Nikolai Tolstoy | |
---|---|
Head of the House of Tolstoy | |
Preceded by | Count Dmitri Tolstoy |
Chancellor of the IML | |
Assumed office 1987 | |
Preceded by | Kenneth McLennan Hay |
Personal details | |
Born | London, England | 23 June 1935
Political party | Conservative (1991–96) UKIP (1996–present) |
Spouse | Georgina Brown |
Children | Countess Alexandra Countess Anastasia Count Dimitri Countess Xenia |
Parent(s) | Count Dimitri Tolstoy Mary Wicksteed |
Alma mater | Trinity College Dublin |
Profession | Historian, writer |
Awards | Adèle Mellen Prize (2009) |
Count Nikolai Dmitrievich Tolstoy-Miloslavsky FRSL (Russian: Граф Николай Дмитриевич Толстой-Милославский; born 23 June 1935), known as Nikolai Tolstoy, is a British monarchist and historian. He is a former parliamentary candidate of the UK Independence Party and is the current nominal head of the House of Tolstoy, a Russian noble family.
Early life
Born in England in 1935, Tolstoy is of part Russian descent. The son of Count Dimitri Tolstoy and Mary Wicksteed, he is a member of the noble Tolstoy family. He grew up as the stepson of author Patrick O'Brian, whom his mother married after his parents divorced. On his upbringing he has written:
Like thousands of Russians in the present century, I was born and brought up in another country and was only able to enter the land of my ancestors as a visitor in later years. It was nevertheless a very Russian upbringing, one which impressed on me the unusual nature of my inheritance. I was baptised in the Russian Orthodox Church and I worshipped in it. I prayed at night the familiar words Oche nash, attended parties where little Russian boys and girls spoke a mixture of languages, and felt myself by manner and temperament to be different than my English friends. I think I was the most affected by those melancholy and evocative Russian homes where my elders, for the most part people of great charm and eccentricity, lived surrounded by the relics – ikons, Easter eggs, portraits of Tsar and Tsaritsa, family photographs, and émigré newspapers – of that mysterious, far-off land of wolves, boyars, and snow-forests of Ivan Bilibin's famous illustrations to Russian fairy-tales. Somewhere there was a real Russian land to which we all belonged, but it was shut away over distant seas and space of years.[1][2]
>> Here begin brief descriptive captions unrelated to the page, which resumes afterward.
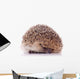 Shy Hedgehog White Wall Decal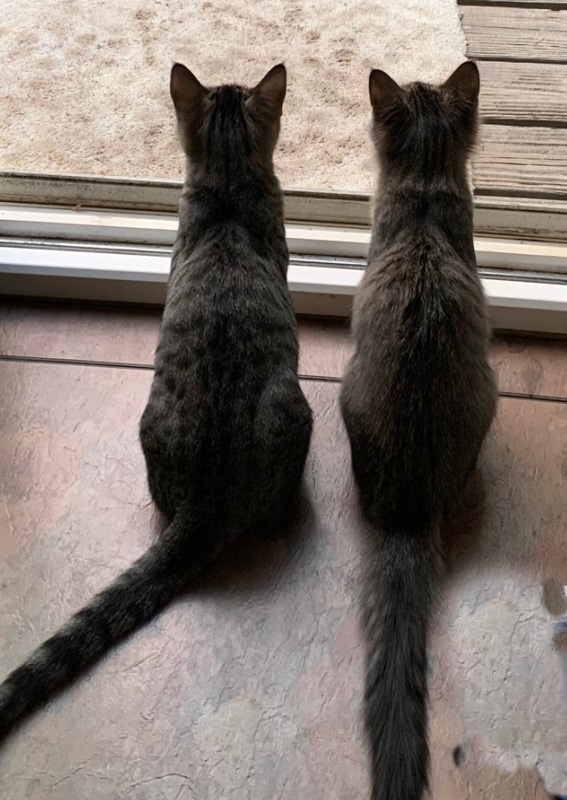 Tabby cats looking out the door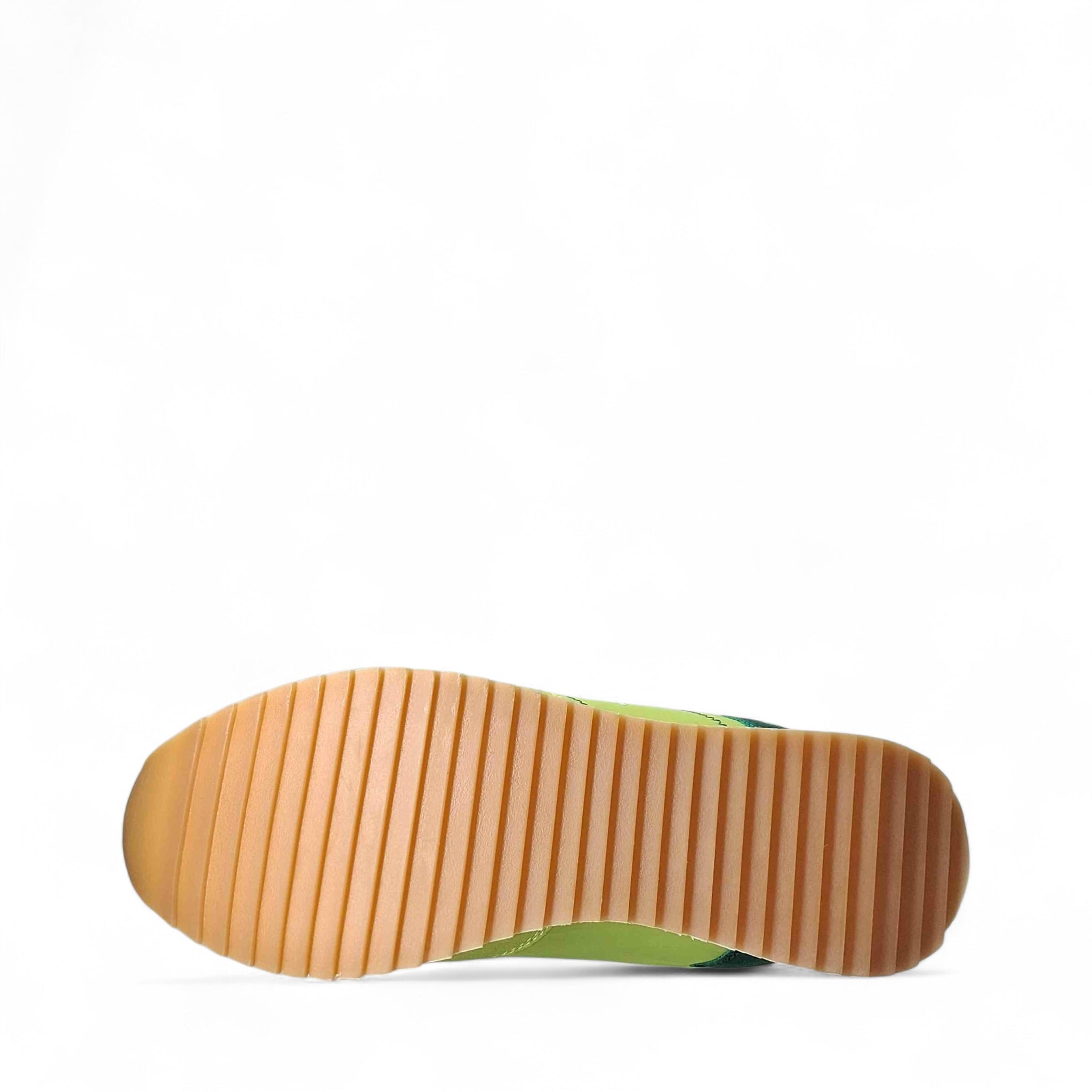 U.s. polo Altena Sneakers Basse da Uomo – Verde - 001A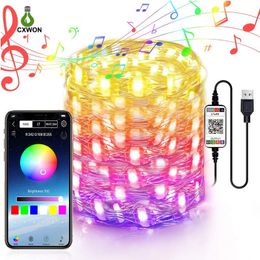 USB Fairy String Lights 2M 5M 10M 20M Waterproof 16 Colors Changing Bluetooth Sliver Wire Lights for Craft Bedroom Ceiling Christmas Decoration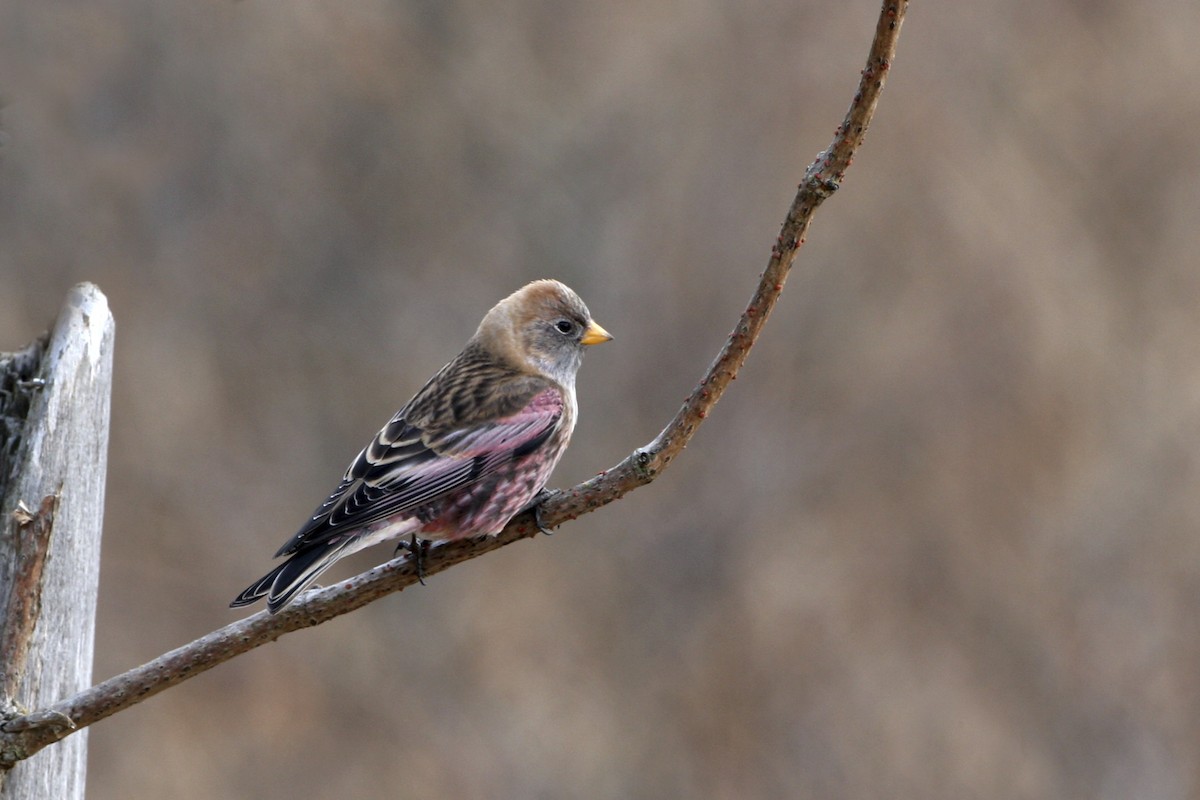 Asian Rosy-Finch - ML206256981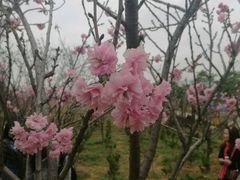 -天适樱花悠乐园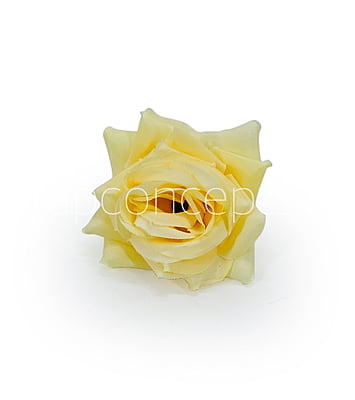 Corn Small Diamond Rose Corn Small Diamond Rose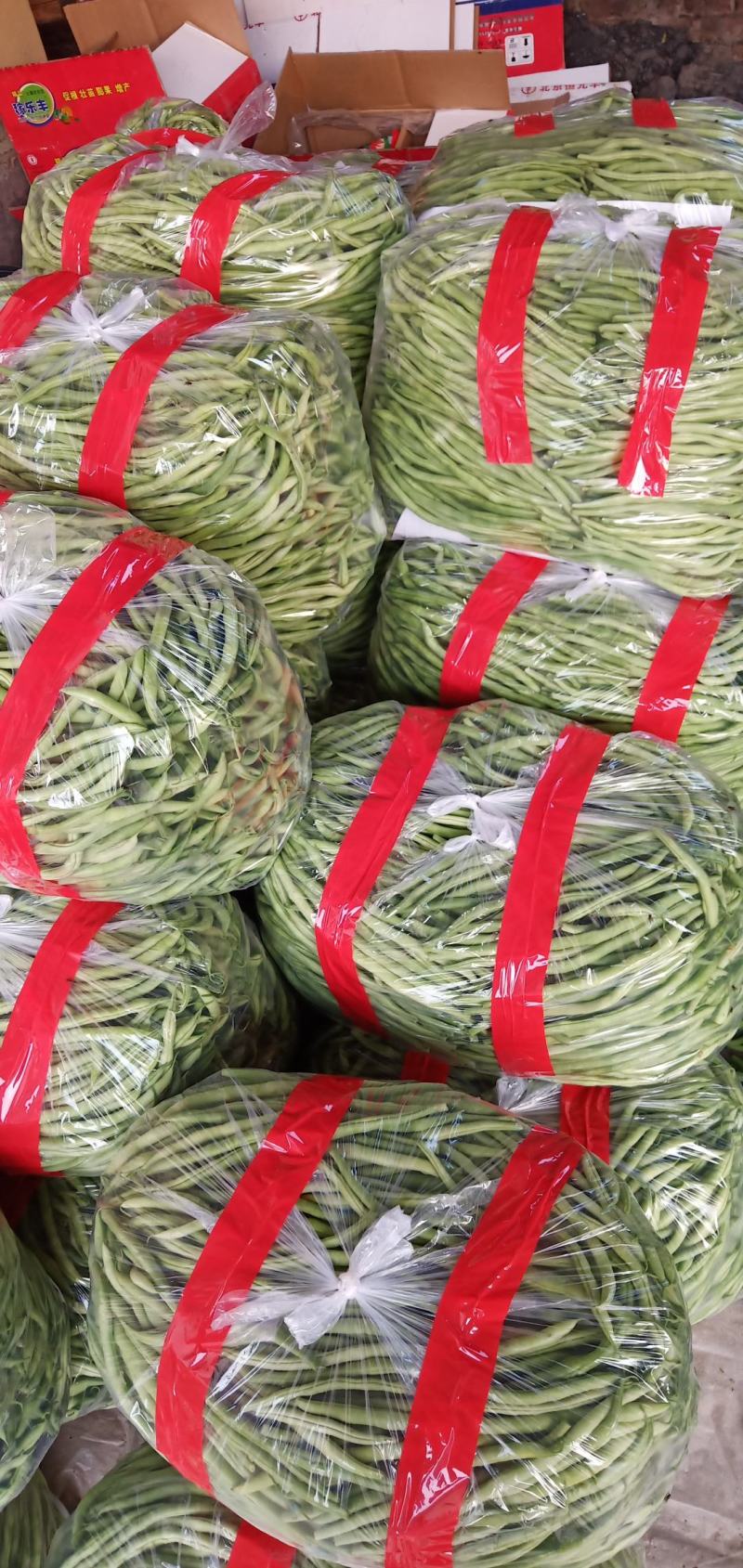 无丝豆芸豆白不老芸豆精品货源充足大量上市大量供货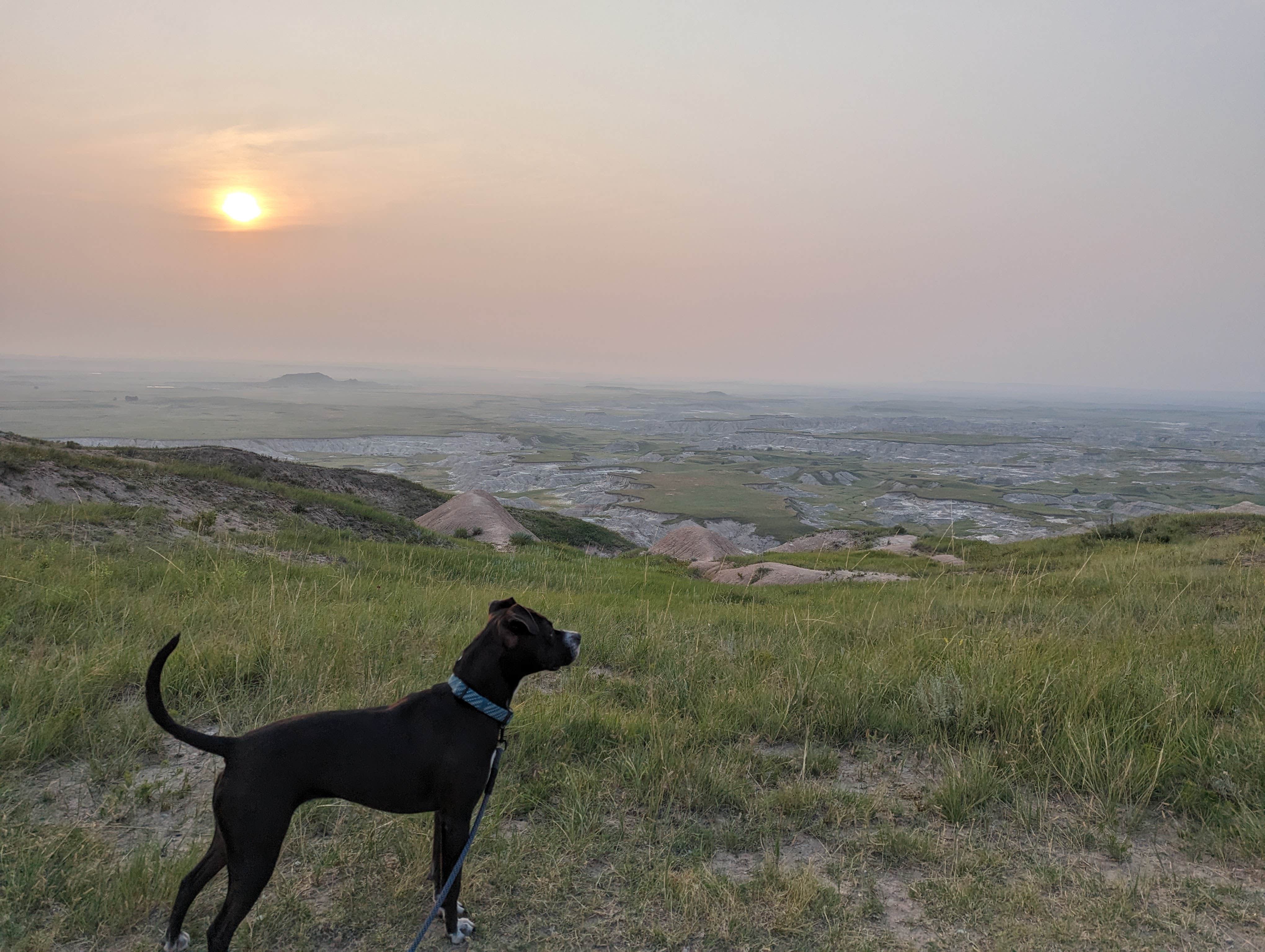 Kristi D.'s photo of camping with pets at The Wall Boondocking Dispersed near Interior, SD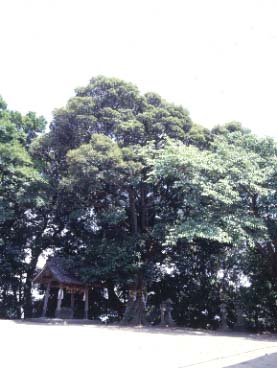 稲村神社のシイ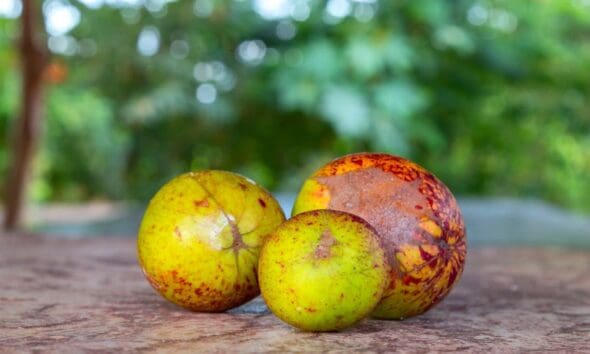 Mangaba fresca na mesa, direto do Cerrado de Pirenópolis
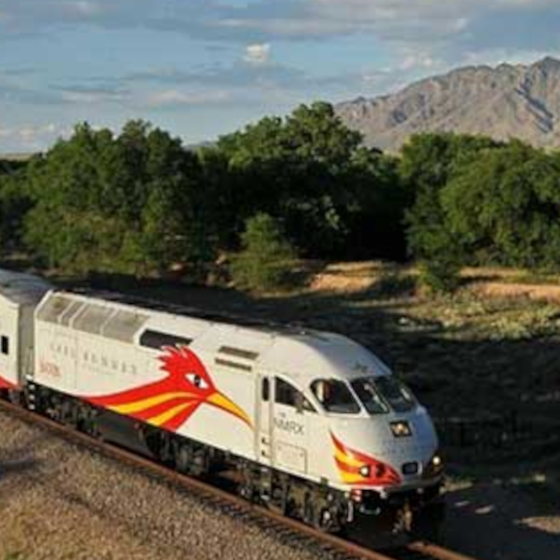 Rail Runner Passing the Mountains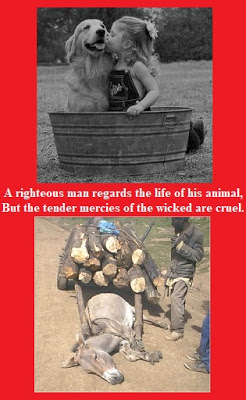 The Way Human’s Treat Animals Reveals Their Heart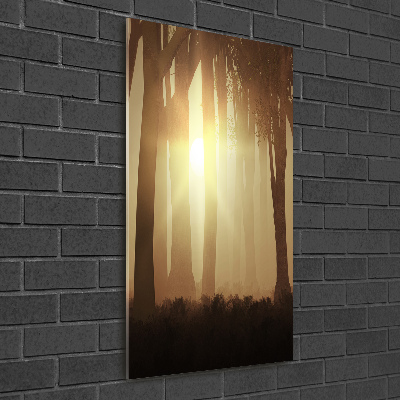Foto obraz szkło akryl pionowy Mgłą w lesie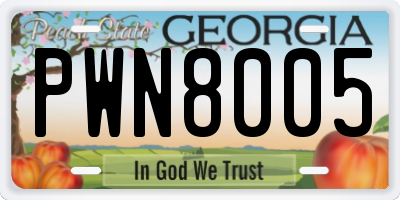 GA license plate PWN8005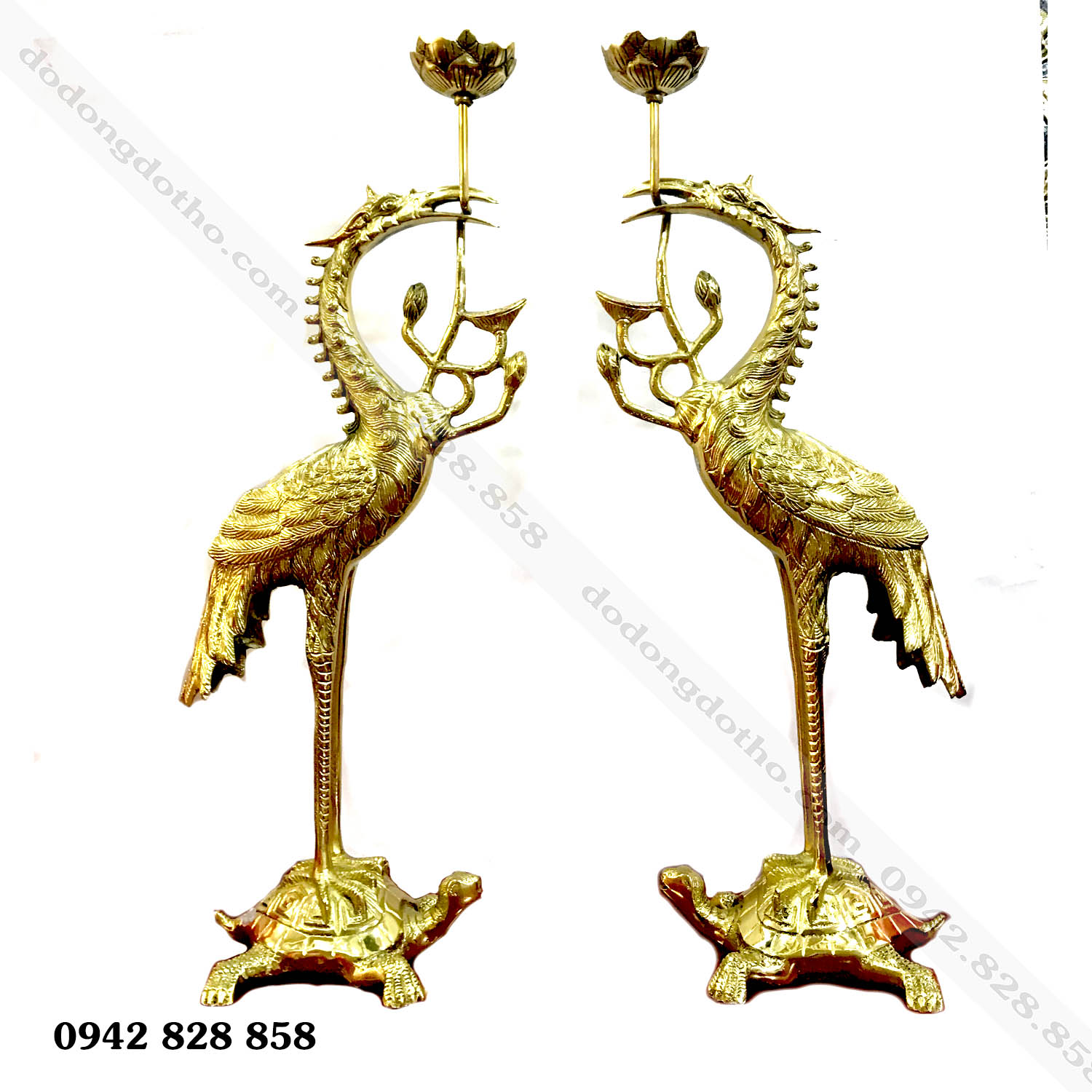 HẠC 60 ĐỒNG VÀNG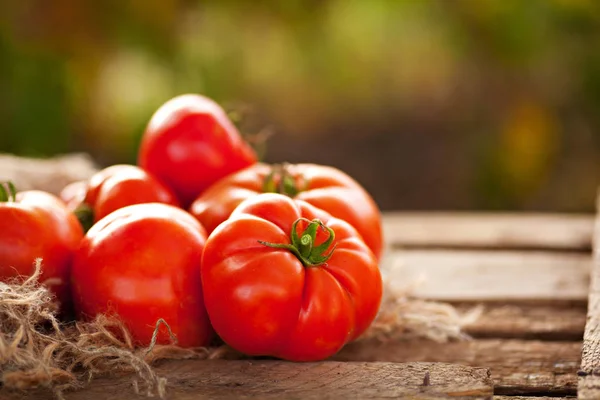 Röda Mogna Tomater Utomhus — Stockfoto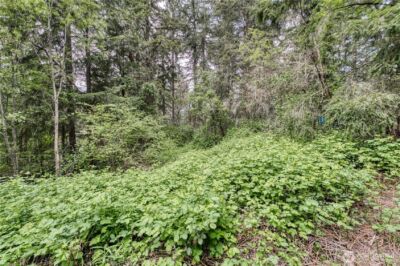 3214 77th Avenue NW, Gig Harbor, WA 98335 - Photo 11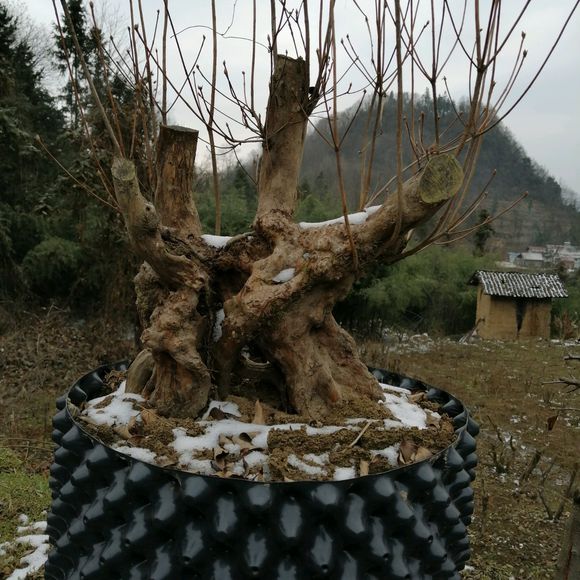 农村目前最有发展空间致富项目,农民工回乡创业有什么项目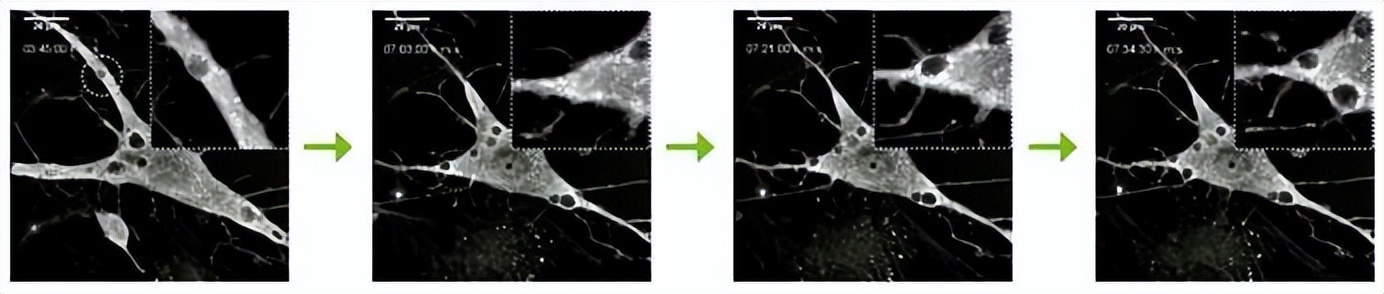 nanolive显微镜,nanolive3d活细胞成像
Tolstoy holds dual British and Russian citizenship. He was educated at Wellington College, Sandhurst, and Trinity College Dublin.
Literary career
Tolstoy has written a number of books about Celtic mythology. In The Quest for Merlin he has explored the character of Merlin, and his Arthurian novel The Coming of the King builds on his research into ancient British history and Welsh mythology. He was elected a Fellow of the Royal Society of Literature in 1979.[3]
He has also researched and written about World War II and has alleged that British war crimes took place during its immediate aftermath. In 1977, he wrote the book Victims of Yalta,[4][lower-alpha 1] which exposed and criticised Britain's role in Operation Keelhaul, a forced repatriation of anti-communist political refugees to Joseph Stalin's NKVD in direct violation of the Geneva Conventions.[5][6] In 1986 he wrote The Minister and the Massacres which similar documented and denounced the British Army's forced repatriation of alleged collaborationists to Josip Broz Tito's Soviet-backed Yugoslav Partisans. It received much critical praise, as well as criticism by Macmillan's authorised biographer.[7][8]
Controversy
Tolstoy has written of the forced repatriation of Soviet citizens and others during and after World War II. As a result, he was called by the defence as an expert witness at the 1986-88 trial of John Demjanjuk in Israel. In a letter to the Daily Telegraph (21 April 1988), Tolstoy said the trial and the court's procedures struck "at the most vital principles of natural justice". He condemned the use of especially bussed-in audiences, who were repeatedly permitted by Judge Levin to boo and hiss at appropriate moments. He called Levin's conduct "an appalling travesty of every principle of equity", and said that it was "a show trial in every sense of the word", even being conducted in a theatre.[9]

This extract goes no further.